4月に入ると、小売などの決算発表が始まるが、それまでは方向感に欠ける展開となりそうだ。
コラム:徒然なるままに
「BISTRO下水道」という言葉を聞いたことはあるだろうか。国土交通省と日本下水道協会がすすめている、下水道を資源として農業に有効活用という取り組みである。
下水道処理は、日本をキレイに保つためにとても大切な事業なのは、誰しも知るところである。そして処理後の汚泥は、焼却して体積を減らした上で、埋め立て処分されている・・・と思っていた。
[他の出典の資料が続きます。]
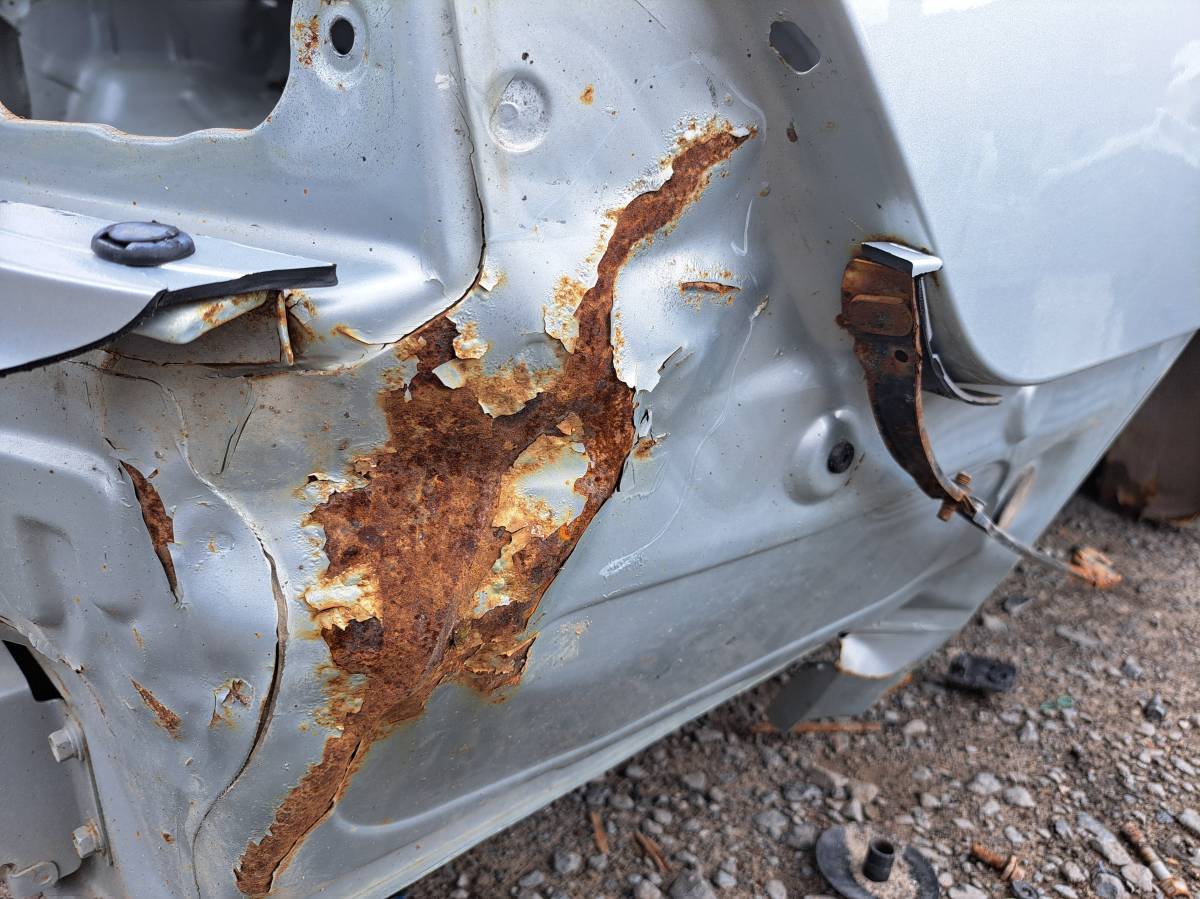 Крыло заднее правое Nissan Almera Classic (B10) 2006-2013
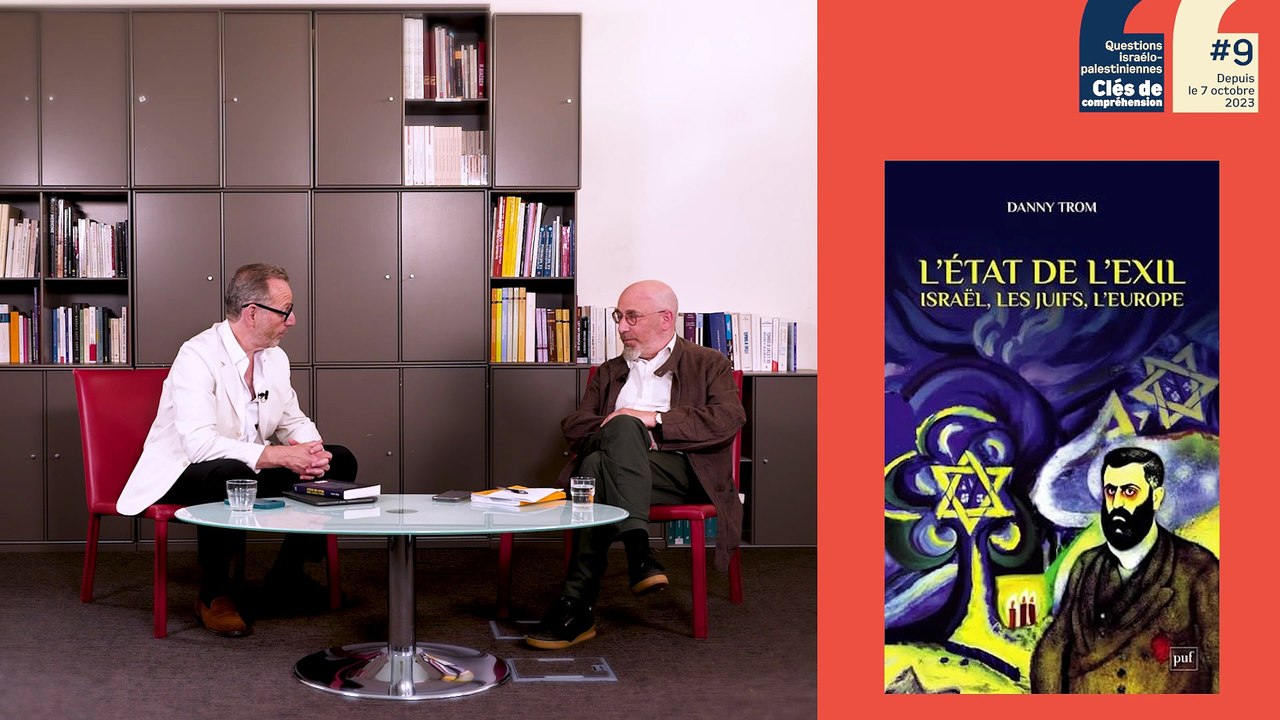 Vidéo 9 : Depuis le 7 octobre 2023 : changement de paradigme - par Danny Trom, sociologue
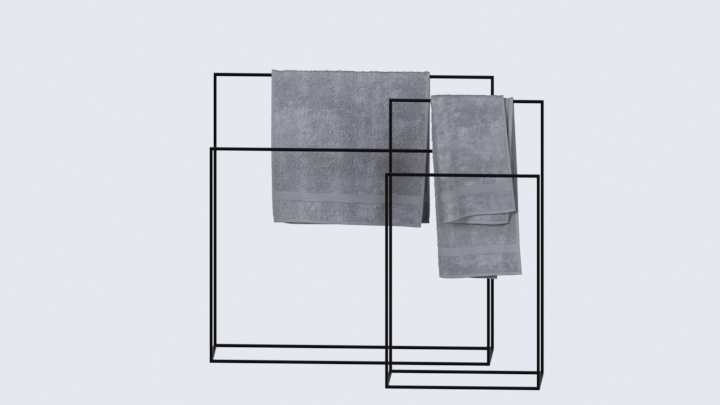 渲染模型_置物架170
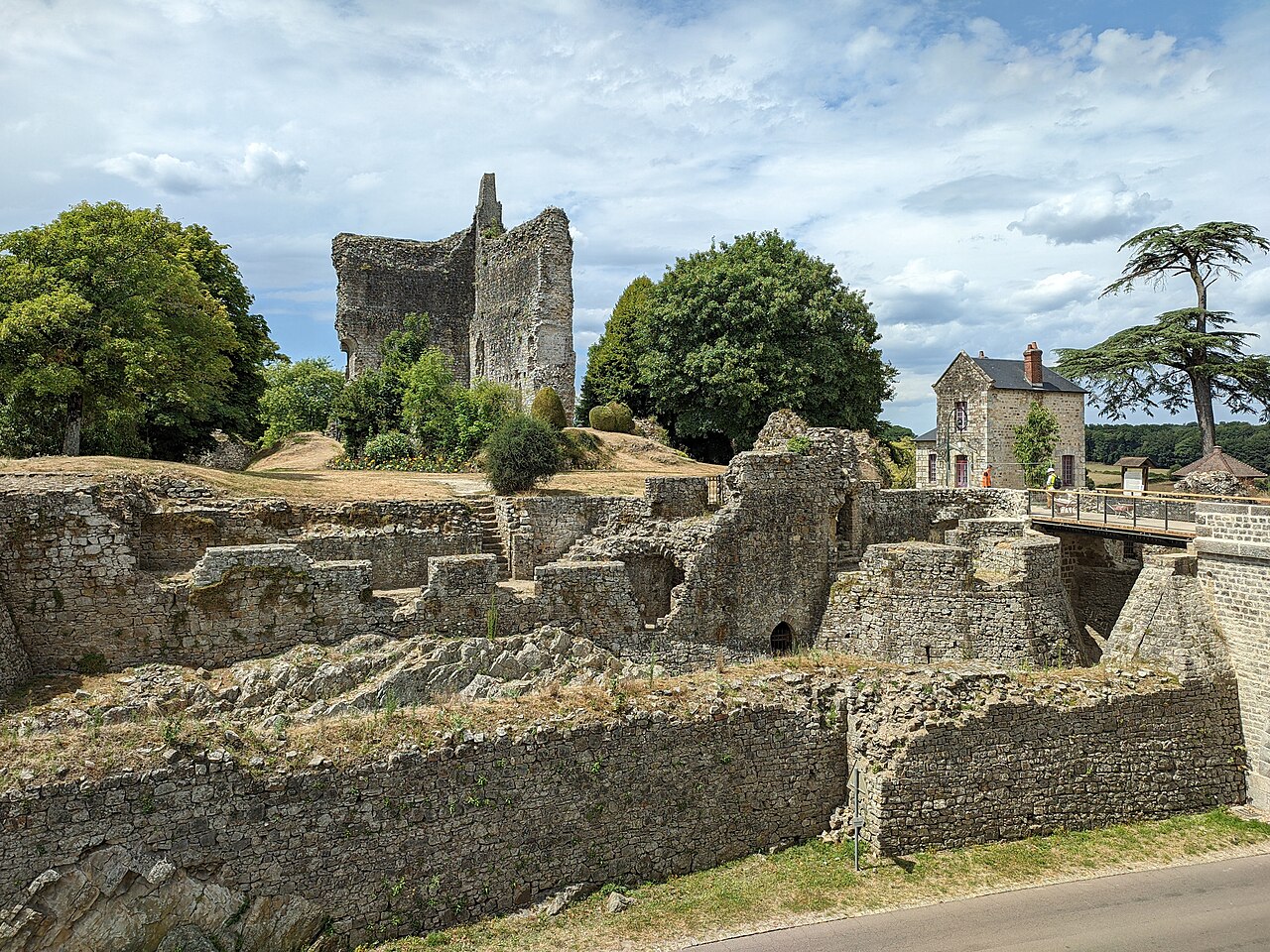 Château de Domfront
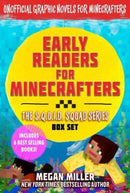 Early Readers for Minecrafters-The S.Q.U.I.D. Squad Box Set : Unofficial Graphic Novels for Minecrafters (Includes 6 Best Selling Books) Volume 1-9781510780064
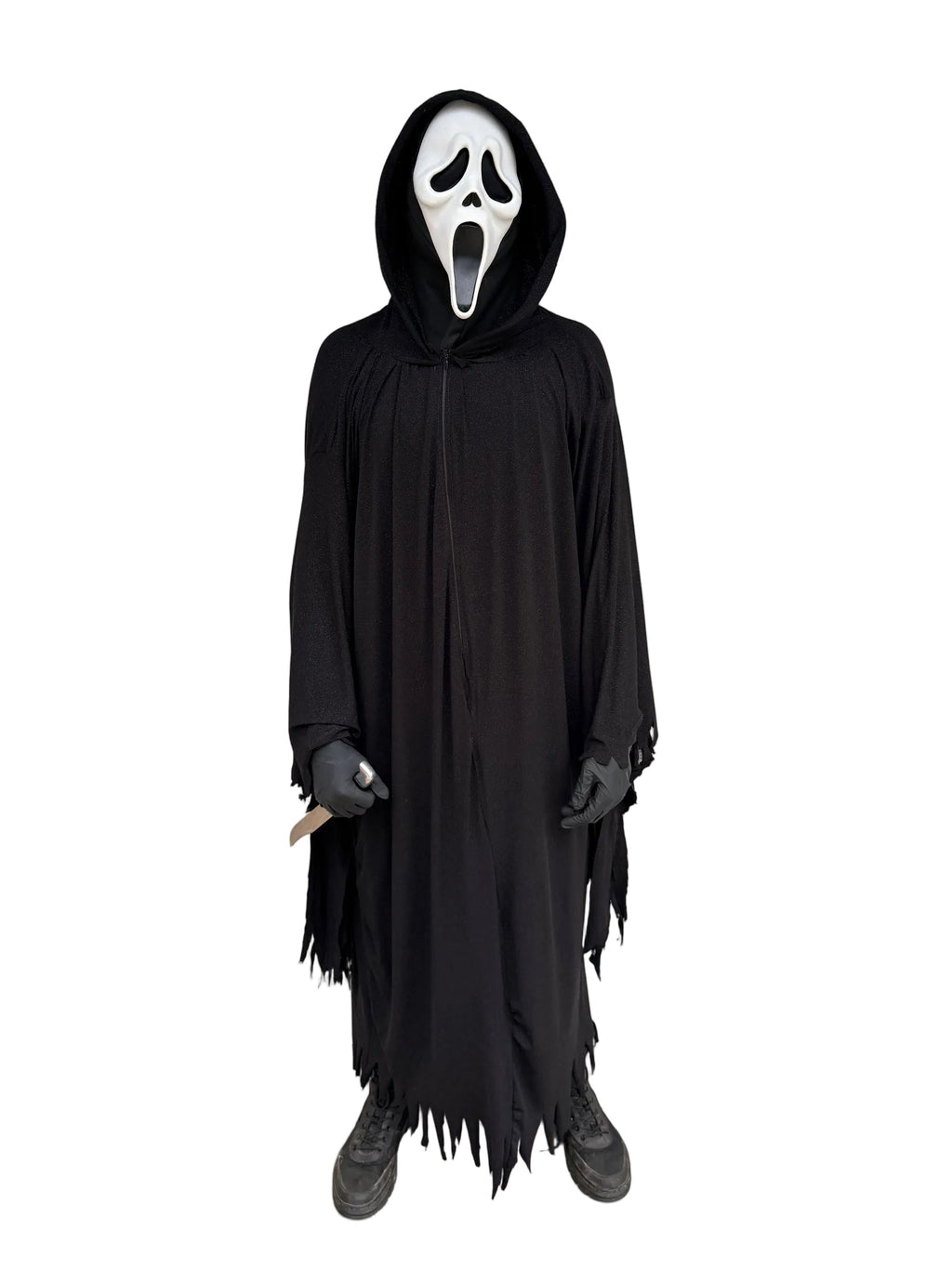Scream 7 Inspired Slasher Robe and Gen 1 GF Replica Mask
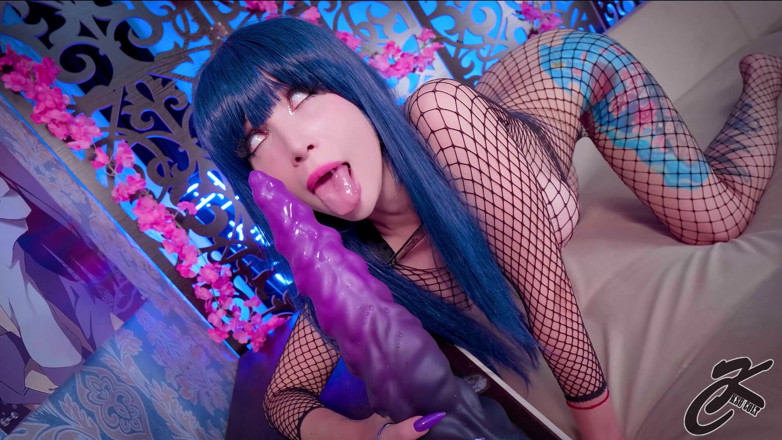 Ksu Colt: Hinata Loves Stuffing Her Holes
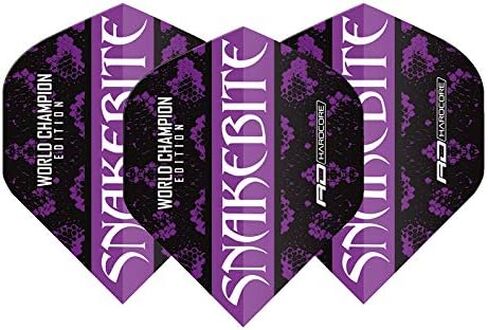RED DRAGON Snakebite World Champion Edition Hardcore Dart Flights in Saudi Arabia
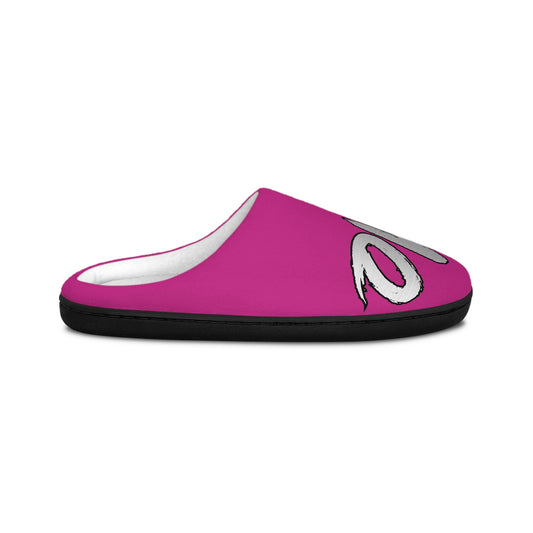 Chic Pink Indoor Slippers | Cozy Women's House Shoes | Cute Gift for Her | Relaxing Home Footwear | Trendy Lounge Slippers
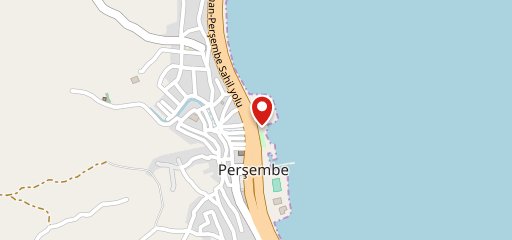 Perşembe Balıkhane на карте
ところが、既に何十年も前からリサイクル活用の努力がなされていて、リサイクル率は30年前の1988年度で15%、直近2017年度はなんと73%まで上昇しているそうだ。当初は、汚泥に含まれる窒素・リンに着目して肥料として加工するのがメインだったが、その後は建設資材としての利用や、セメント化した上での建設資材利用、そしてバイオマス燃料化も始まり、さらには下水熱の冷暖房熱源利用などにも活用が進んでいる。リサイクルは古くからの日本の生活文化であり、得意分野という認識はあったが、下水道もここまで利用されているとは正直ビックリしたし感心させられる。
「BISTRO下水道」は、これら下水道の有効活用のうち、農産物向けにフォーカスした活動である。具体的には、肥料化に加え、栄養分を含んだ処理水の利用、熱と二酸化炭素のハウス栽培への利用が3本柱。フランス語でレストランを示す「BISTRO」を掲げていることから分かる通り、特に下水汚泥由来肥料を使った栽培の効果や安全性のアピールに力を入れている。日本各地での栽培試験で、収量増加、糖度や有効成分の増加、病気減少などの成果例が紹介されているし、化学肥料より導入コストが安いことや、重金属などの含有量が低く安全性にも問題ないことも紹介されている。「じゅんかん育ち」というブランド名も付けて、全国で販売支援もしているし、サイトではそれらの食材のレシピも紹介されている。
下水が有効活用され、農家の肥料・燃料コストが減った上で収量も増加し、しかも食材が美味しくなるという、正に「Win」がいくつも重なる素晴らしい話だと思う。
産官学連携と言う言葉があるが、お役所主導でいい仕事をした例ではないだろうか。
消費現場が混乱しそうな軽減税率を考えたお役所よりは、間違いなく良い仕事をしている。